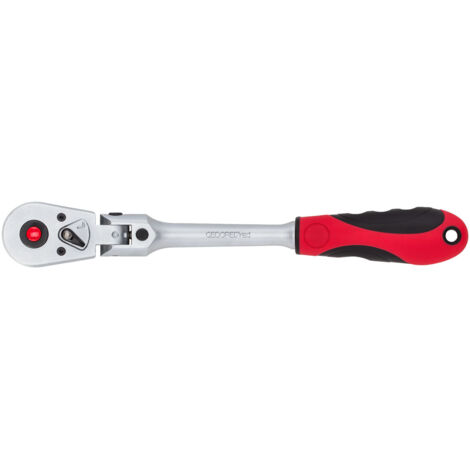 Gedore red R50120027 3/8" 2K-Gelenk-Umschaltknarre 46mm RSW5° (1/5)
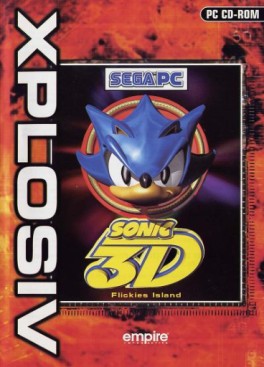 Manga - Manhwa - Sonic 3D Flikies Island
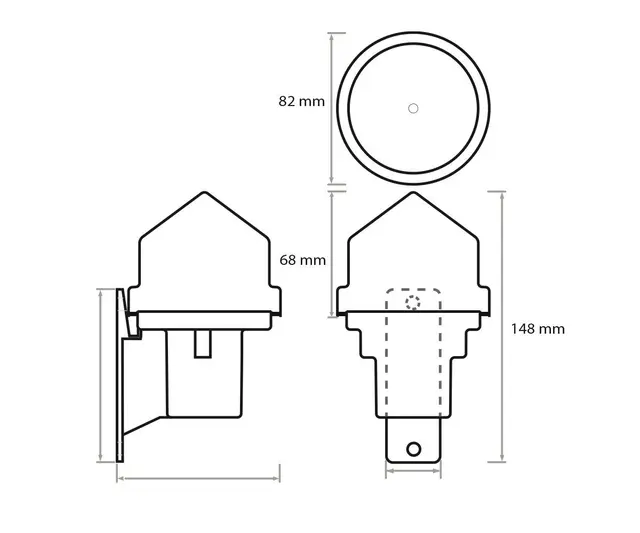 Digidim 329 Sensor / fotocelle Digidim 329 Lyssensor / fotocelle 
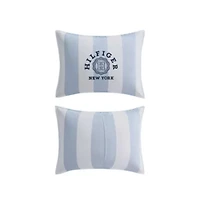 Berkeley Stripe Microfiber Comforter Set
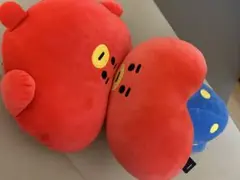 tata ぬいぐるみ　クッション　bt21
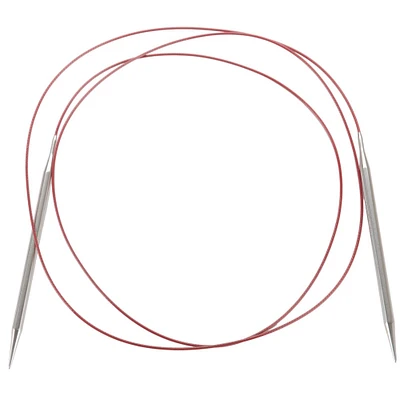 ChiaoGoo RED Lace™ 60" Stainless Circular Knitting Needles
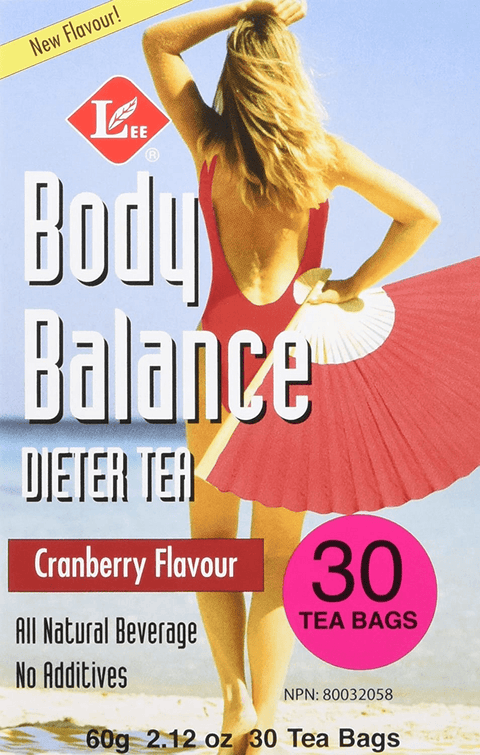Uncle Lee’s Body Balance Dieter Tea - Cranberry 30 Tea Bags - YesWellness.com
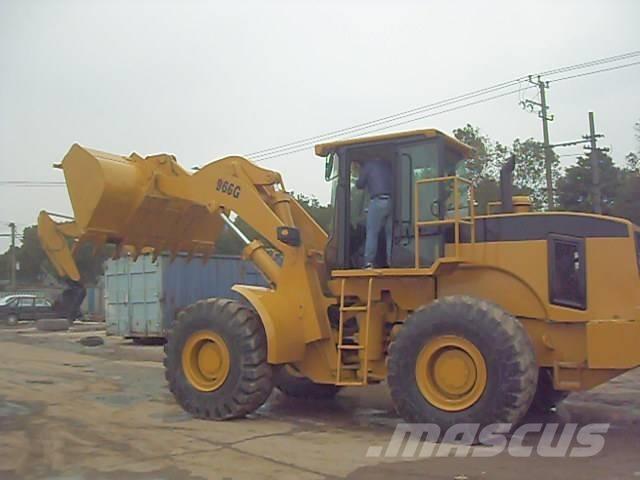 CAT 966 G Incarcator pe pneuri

• • • • •

▶ **What this task involves**
Reproduce the data above word for word, but leave the images out.

▶ **Task answer**
 Gedore red R50120027 3/8" 2K-Gelenk-Umschaltknarre 46mm RSW5° (1/5)
 Manga - Manhwa - Sonic 3D Flikies Island
 Digidim 329 Sensor / fotocelle Digidim 329 Lyssensor / fotocelle 
 Berkeley Stripe Microfiber Comforter Set
 tata ぬいぐるみ　クッション　bt21
 ChiaoGoo RED Lace™ 60" Stainless Circular Knitting Needles
Uncle Lee’s Body Balance Dieter Tea - Cranberry 30 Tea Bags - YesWellness.com
 CAT 966 G Incarcator pe pneuri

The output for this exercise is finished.